The third exception makes the point that' the judge erred in renewing the execution, as it appeared from the face of the judgment that more than twenty years had elapsed since its original entry. The judgment was entered on November 16, 1868, which was before the Code was adopted in 1870, and therefore was subject to no statute of limitations as such. It was, however, subject to the principle which, in analogy to the statute of limitations, raises an artificial presumption, “that when payment was not demanded for twenty years, and there had been no circumstance to show that it was still acknowledged to be in existence, the jury are to presume payment at the end of twenty years.” Willingham v. Chick, 14 S. C., 101. When the notice of summons to renew the execution was served on October 11, 1887, the twenty years required to complete the presumption had’not *141expired, and the presumption of payment had not arisen; but from delays in the litigation, the case was continued to March 29, 1889, when the judgment was revived and leave was given to renew the execution. At the time this order was granted, the twenty years had expired, and it is urged that the judgment was then paid by operation of law, and therefore could not be revived.
We cannot accept this view. The proceedings for renewal were in the nature of an action, and it is very well known that, in counting time under a plea of the statute of limitations, the rule is to stop at the commencement of the action, viz., the lodgment of the process in the sheriff’s office. The very object of the statute was to limit the time within which the action could be brought, as appears by the familiar expression, “limitation of actions.” It is true that actions commenced and discontinued do not slop the running of the time; but when a right is asserted by a judicial proceeding, which is continued to judgment, the time stops when the action is commenced. “When the action is brought before the claim is barred, the plea of the statute will not avail.” Adickes v. Allison, 21 S. C., 245; McBee v. Loftis, 1 Strobb. Eq., 90. The view taken is not at all inconsistent with what was held in Dillard v. Brian, 5 Rich., 501, and Tobin v. Myers, 18 S. C., 328. In neither of these cases did the defendant have notice of the renewal proceedings, which were relied on to suspend the running of the time — they were in character, a matter of course, entirely ex parte by mere copy. Here, on the contrary, the defendant was regularly served with summons, the issues were made up, and the Circuit Judge was right in considering the case as it stood when the proceeding was instituted, October 11, 1887. If we are right in this, the plaintiff was entitled to have the judgment revived and the execution renewed.

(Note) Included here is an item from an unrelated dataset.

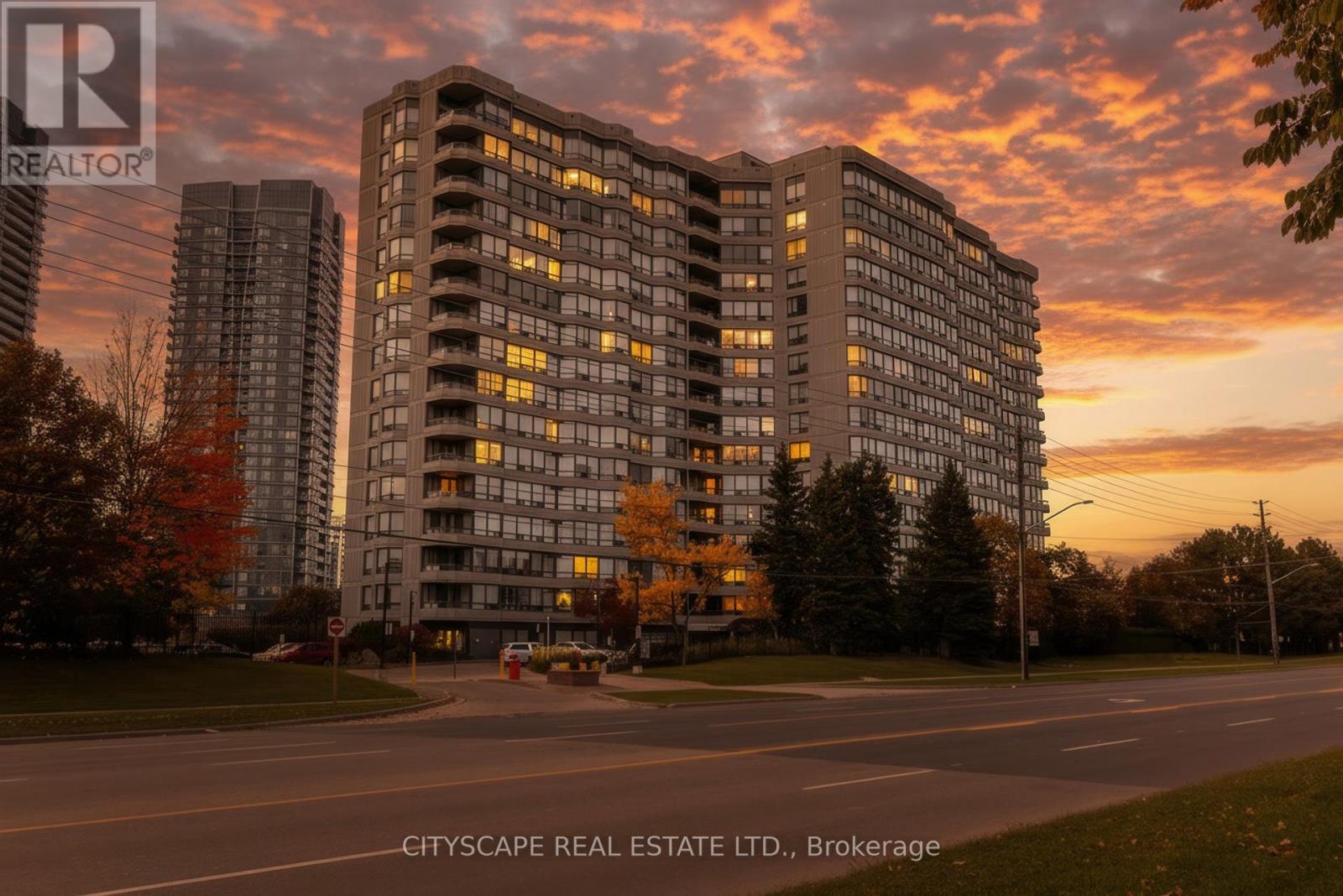 Listing photo of 209 - 7460 BATHURST STREET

It is said, however, that the terms of the summons were limited to the renewal of the execution. The judgment and the execution on it are very closely connected. The execution is only process to enforce the judgment, and it cannot have active energy unless the underlying judgment has alien. The law provides the same proceeding — summons to show cause — both to revive the judgment and to renew the execution. The questions *142as to them are in one sense identical. The claim to renew the execution necessarily involves the right to revive the judgment, in a case like this, when the question of renewal is heard, after the judgment has become more than twenty years old. This was no surprise to the defendant. All his defences were aimed at the existence of the judgment itself, and we cannot say that the judge committed error in reviving the judgment, as well as granting leave to renew the execution.
We need not go into the question as to the legality of the phrase incorporated into the judge’s order, “with all the force and effect of the former recovery.” We think this added nothing to the force of the simple order, whatever that may be. If ever tested, being a question of law, it would have to be determined without reference to the remark complained of. •
The judgment of this court is, that the judgment of the Circuit Court be affirmed.